Choix opérés s’agissant de la définition des plafonds
Afin de préparer l’élaboration du prochain arrêté triennal et d’étudier les pistes d’évolution des plafonds, le Groupe National Cormorans (GNC), composé de l’ensemble des acteurs concernés (représentants des pisciculteurs et pêcheurs, associations de protection de la nature, experts, administration) a été réuni à 2 reprises (les 20 mai et 15 juin 2022). Dans le même temps, l’ensemble des DDT(M) a été consulté par mail (production d’un dossier de demande de plafonds) : les réponses montrent que la plupart du temps, les partenaires ont été consultés localement, afin de proposer des plafonds.
A) Le cas des cours d’eau et plans d’eau
Compte tenu des nombreux recours contentieux formés à des fins d’annulation des arrêtés préfectoraux pris sur les cours d’eau et plans d’eau, tous perdus par l’État (15 ont été jugés depuis 2019 et environ 5 sont en cours), la méthodologie d’attribution des plafonds départementaux pour le prochain arrêté triennal a été révisée. En effet, il ressort des contentieux jugés par les différents tribunaux administratifs que les justifications nécessaires à l’octroi des dérogations (liste d’espèces de poissons menacées dans le département, assortie de données sur l’état de conservation des espèces de poisson impactées, délimitation des lieux exacts où les tirs sont autorisés, démonstration de l’inefficacité des mesures mises en place au préalable) ne sont généralement pas suffisantes dans les arrêtés préfectoraux. Les données relatives aux espèces protégées sont en effet mal connues et ne suffisent généralement pas à justifier les destructions de l’espèce Grand Cormoran.
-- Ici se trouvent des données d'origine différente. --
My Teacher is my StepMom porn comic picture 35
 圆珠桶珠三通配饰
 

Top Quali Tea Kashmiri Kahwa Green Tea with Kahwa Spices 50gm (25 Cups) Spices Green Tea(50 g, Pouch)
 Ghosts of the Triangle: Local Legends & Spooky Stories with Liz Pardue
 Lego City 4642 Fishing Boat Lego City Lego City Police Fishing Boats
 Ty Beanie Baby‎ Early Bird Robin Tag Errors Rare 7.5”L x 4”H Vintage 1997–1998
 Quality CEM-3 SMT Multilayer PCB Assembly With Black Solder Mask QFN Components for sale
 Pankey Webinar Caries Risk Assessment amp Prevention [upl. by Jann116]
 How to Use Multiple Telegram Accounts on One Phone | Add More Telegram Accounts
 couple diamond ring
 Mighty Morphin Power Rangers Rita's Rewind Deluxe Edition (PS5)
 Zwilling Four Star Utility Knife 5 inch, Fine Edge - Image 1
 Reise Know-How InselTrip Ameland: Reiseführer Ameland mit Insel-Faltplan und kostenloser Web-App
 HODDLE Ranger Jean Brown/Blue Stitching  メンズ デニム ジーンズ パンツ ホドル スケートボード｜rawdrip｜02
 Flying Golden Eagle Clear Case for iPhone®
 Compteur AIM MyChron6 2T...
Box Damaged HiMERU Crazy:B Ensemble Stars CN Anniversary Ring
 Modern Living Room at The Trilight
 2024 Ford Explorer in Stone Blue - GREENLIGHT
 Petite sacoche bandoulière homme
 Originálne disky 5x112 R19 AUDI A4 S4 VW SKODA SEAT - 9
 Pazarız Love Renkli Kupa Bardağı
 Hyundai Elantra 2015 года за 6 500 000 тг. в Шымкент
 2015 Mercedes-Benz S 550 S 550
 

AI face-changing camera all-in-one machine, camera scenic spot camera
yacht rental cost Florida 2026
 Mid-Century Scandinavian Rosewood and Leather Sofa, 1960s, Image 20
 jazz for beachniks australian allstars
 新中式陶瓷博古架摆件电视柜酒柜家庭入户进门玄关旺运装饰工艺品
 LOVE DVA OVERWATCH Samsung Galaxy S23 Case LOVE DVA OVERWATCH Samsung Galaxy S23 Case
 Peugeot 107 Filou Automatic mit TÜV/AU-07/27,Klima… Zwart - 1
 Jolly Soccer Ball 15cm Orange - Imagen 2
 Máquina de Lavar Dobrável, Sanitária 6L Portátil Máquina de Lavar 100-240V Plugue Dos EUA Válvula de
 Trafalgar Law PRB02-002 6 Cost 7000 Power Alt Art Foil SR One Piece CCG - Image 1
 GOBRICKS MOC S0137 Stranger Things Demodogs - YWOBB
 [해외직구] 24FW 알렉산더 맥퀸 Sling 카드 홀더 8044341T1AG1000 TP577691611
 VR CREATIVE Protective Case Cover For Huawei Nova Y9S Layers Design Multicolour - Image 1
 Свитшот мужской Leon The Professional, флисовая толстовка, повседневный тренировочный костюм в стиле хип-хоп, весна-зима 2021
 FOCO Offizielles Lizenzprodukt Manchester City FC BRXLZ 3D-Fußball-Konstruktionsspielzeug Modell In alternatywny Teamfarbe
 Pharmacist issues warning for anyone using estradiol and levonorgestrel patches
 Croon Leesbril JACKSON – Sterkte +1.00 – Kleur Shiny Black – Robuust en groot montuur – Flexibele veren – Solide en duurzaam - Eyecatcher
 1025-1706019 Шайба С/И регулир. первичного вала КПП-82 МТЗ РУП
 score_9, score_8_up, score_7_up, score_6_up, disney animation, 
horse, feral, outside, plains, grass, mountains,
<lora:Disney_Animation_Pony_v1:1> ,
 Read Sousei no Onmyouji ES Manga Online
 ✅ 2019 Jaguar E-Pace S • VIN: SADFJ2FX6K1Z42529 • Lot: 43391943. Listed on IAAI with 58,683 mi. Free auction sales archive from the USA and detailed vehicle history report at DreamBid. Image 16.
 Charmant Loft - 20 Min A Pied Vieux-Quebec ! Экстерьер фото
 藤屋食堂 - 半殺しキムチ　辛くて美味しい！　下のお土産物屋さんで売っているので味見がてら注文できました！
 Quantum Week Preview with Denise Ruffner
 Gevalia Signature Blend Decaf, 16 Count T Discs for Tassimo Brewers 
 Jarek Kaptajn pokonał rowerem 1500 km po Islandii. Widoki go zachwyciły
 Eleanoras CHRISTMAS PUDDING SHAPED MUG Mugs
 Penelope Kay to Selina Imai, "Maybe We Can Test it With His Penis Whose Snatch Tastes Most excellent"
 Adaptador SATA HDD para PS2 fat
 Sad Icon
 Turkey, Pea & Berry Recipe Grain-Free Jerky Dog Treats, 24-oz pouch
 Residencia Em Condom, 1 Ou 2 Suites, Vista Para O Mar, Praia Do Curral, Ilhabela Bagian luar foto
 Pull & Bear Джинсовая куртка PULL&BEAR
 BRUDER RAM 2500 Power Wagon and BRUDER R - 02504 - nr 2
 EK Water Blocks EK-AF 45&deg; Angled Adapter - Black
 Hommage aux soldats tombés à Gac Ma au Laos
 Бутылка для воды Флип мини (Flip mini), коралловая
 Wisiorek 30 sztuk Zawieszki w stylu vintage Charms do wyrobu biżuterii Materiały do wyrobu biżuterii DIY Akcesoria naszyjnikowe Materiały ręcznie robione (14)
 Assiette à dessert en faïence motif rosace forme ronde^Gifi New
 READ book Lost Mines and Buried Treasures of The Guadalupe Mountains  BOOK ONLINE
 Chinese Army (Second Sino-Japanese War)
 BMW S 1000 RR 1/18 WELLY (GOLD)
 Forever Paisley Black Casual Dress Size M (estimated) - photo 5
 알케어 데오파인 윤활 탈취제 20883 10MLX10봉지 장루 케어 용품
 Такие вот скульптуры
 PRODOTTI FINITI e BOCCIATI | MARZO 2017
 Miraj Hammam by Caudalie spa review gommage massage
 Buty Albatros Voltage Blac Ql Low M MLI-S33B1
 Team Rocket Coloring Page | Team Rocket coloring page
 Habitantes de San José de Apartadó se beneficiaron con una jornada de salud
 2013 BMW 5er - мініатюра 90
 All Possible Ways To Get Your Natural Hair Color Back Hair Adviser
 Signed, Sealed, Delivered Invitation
Aussi, au terme de la période de consultation préalable à l’élaboration du projet d’arrêté, face au constat de la grande difficulté à justifier de la nécessité d’octroi de dérogations sur les cours d’eau et plans d’eau, il a été décidé de ne pas établir dans le projet d’arrêté de plafonds pour les cours d’eau et plans d’eau (seuls sont accordés des plafonds pour la prévention des dommages aux piscicultures). En effet, en l’état, les éléments disponibles ne permettent pas de remplir les conditions nécessaires pour définir des plafonds sur les cours d’eau et plans d’eau. Le cas échéant, si des études étaient produites localement et démontraient l’impact de l’espèce sur l’état de conservation des espèces de poissons protégées et/ou menacées, l’arrêté à paraître pourrait être complété ultérieurement, dans la période triennale, afin de mettre en place des plafonds sur les cours d’eau et plans d’eau concernés dans les départements.
B) Le cas des piscicultures
En piscicultures, la méthodologie ayant permis la définition des plafonds pour l’arrêté triennal 2019/2022 a été appliquée. Les plafonds proposés dans le projet d’arrêté sont fondés sur le croisement des données suivantes : l’évolution de la population (à partir des rapports des recensements coordonnés par M. Loïc Marion, en annexes), le bilan des tirs, et la demande formulée et justifiée par les services. L’utilisation de cette méthodologie est justifiée par les termes de l’arrêté du 26 novembre 2010 qui prévoit la prévention des dommages aux piscicultures. Il est par ailleurs en plein accord avec le plan aquaculture et notamment son volet 4.5 qui traite du sujet de la prédation en pisciculture.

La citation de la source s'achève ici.